KabarKalimantan.id – Suasana santai namun kompetitif mewarnai ajang Fun Chess Exhibition and Tournament 2025 yang digelar di Halaman Parkir Polnep Pontianak, Minggu (19/10/2025). Daya tarik utama acara ini adalah penampilan pecatur andalan Pontianak, Muhammad Kamalsyah – peraih Juara Pertama Turnamen Catur Internasional Kaltim FIDE Rated 2025 – yang secara bergantian menghadapi 28 lawan.

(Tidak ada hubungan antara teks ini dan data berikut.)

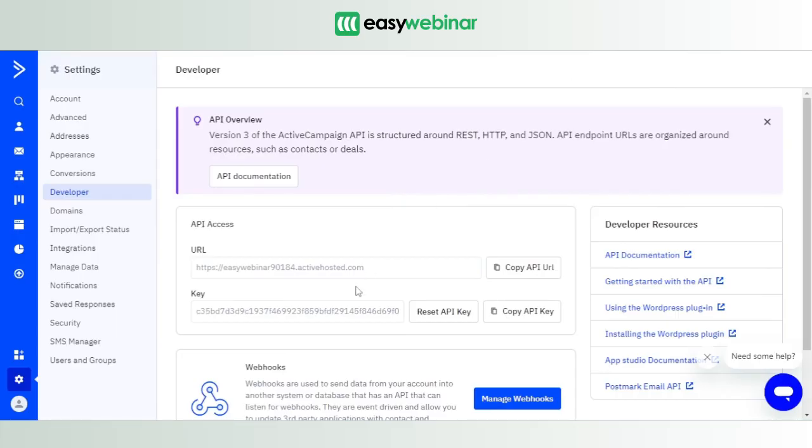Hey there, this is the EasyWebinar support team. I hope you're having a great day. We are back yet again with another video, and this time we're going to walk you through how we can seamlessly integrate EasyWebinar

Salah satu peserta yang ikut menguji strategi melawan Kamalsyah adalah Wali Kota Pontianak, Edi Rusdi Kamtono.
Dengan penuh konsentrasi, Edi Kamtono tampak menikmati setiap langkah permainan. Sesekali ia tersenyum dan berdialog ringan dengan lawan mainnya, menciptakan suasana yang akrab namun tetap menjaga semangat bersaing.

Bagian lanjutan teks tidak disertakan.